Orangtua Perlu Tahu 9 Cara Mengatasi Sariawan Pada Bayi Ini

Rasa perih akibat sariawan pada mulut bayi dapat membuatnya enggan menyusu atau makan
Sariawan pada mulut si kecil dapat membuatnya rewel dan sulit untuk minum atau makan

Sariawan sebenarnya jarang terjadi pada bayi. Tetapi bila luka ini muncul, rasa perihnya bisa membuat bayi rewel dan enggan menyusu atau makan.

Untuk menyembuhkannya, terdapat berbagai cara mengatasi sariawan pada bayi yang bisa Anda coba. Langkah penanganan ini akan membantu dalam meredakan rasa perih, sehingga bayi nyaman dan bisa menyusu kembali.
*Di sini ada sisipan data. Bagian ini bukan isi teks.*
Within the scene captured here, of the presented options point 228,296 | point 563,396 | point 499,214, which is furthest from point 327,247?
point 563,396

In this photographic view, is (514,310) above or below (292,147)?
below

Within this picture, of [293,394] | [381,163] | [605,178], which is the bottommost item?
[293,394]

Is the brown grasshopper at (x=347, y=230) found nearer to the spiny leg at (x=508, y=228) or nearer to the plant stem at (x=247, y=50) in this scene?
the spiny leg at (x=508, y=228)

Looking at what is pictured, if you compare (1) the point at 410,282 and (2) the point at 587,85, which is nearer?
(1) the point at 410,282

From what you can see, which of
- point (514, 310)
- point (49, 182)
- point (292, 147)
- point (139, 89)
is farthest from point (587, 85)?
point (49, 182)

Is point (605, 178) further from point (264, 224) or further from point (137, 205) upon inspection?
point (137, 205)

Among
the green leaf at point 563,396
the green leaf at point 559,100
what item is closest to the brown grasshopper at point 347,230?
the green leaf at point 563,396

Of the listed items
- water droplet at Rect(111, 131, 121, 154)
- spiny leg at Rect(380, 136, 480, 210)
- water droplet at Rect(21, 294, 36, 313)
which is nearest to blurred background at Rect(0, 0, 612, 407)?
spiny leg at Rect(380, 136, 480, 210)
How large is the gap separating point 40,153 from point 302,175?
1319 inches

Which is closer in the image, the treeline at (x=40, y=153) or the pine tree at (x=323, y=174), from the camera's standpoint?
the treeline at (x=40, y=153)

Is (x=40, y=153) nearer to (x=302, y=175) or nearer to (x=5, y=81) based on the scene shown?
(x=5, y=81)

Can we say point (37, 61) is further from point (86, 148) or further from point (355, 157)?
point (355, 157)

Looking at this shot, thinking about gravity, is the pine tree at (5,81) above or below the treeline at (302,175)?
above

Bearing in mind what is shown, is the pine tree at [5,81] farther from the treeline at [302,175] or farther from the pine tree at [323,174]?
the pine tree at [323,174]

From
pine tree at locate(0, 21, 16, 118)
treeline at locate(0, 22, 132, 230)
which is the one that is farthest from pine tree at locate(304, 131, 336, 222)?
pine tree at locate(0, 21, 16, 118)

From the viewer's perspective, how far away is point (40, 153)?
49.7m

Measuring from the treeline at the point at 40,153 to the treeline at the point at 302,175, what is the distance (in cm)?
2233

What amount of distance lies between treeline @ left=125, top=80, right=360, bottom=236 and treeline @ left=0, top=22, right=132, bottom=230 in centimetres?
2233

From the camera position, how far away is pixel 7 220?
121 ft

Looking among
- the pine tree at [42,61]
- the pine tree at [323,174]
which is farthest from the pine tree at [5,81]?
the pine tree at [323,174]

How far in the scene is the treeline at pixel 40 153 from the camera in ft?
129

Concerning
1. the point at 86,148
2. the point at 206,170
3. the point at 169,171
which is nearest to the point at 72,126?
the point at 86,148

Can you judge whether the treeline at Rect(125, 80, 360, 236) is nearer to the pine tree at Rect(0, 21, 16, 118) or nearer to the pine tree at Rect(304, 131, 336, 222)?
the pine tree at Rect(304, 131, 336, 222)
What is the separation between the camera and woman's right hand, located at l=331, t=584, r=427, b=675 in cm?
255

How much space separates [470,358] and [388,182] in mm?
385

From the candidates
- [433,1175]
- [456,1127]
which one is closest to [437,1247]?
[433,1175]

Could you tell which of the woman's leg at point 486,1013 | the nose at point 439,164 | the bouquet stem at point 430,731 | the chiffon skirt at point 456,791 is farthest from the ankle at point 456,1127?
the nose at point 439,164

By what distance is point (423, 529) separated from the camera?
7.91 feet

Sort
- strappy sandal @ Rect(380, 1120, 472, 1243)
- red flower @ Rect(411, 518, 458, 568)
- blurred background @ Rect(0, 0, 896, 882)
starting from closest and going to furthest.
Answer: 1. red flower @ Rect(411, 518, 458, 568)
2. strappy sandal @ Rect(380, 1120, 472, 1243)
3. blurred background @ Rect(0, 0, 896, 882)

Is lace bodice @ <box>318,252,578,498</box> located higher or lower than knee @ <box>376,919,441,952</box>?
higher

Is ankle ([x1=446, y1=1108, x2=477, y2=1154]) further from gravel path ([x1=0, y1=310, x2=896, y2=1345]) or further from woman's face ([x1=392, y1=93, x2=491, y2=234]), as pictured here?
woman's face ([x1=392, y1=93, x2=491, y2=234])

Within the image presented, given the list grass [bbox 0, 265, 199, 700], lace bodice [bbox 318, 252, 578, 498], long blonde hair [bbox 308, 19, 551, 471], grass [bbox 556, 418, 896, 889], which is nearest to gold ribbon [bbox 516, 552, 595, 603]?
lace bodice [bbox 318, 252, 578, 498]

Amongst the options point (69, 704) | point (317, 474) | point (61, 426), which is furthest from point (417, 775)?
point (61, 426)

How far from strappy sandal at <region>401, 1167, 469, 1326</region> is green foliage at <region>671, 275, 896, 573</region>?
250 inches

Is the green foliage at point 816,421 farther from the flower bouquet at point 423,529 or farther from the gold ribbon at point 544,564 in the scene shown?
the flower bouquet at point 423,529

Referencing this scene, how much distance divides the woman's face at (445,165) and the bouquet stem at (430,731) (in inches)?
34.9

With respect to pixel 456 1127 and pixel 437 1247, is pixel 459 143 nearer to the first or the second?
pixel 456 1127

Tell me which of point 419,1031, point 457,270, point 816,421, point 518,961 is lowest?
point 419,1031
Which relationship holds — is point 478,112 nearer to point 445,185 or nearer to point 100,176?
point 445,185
Apa saja cara mengatasi sariawan pada bayi?

Sariawan adalah luka terbuka berukuran kecil, dengan permukaan berwarna putih atau kekuningan. Luka ini bisa muncul di pipi bagian dalam, bibir bagian dalam, lidah, gusi, dan langit-langit mulut.

Luka sariawan umumnya muncul satu per satu di lokasi yang berbeda. Tetapi ada kalanya, terjadi sariawan parah dengan jumlah luka lebih dari satu atau lokasinya berkelompok di dalam mulut.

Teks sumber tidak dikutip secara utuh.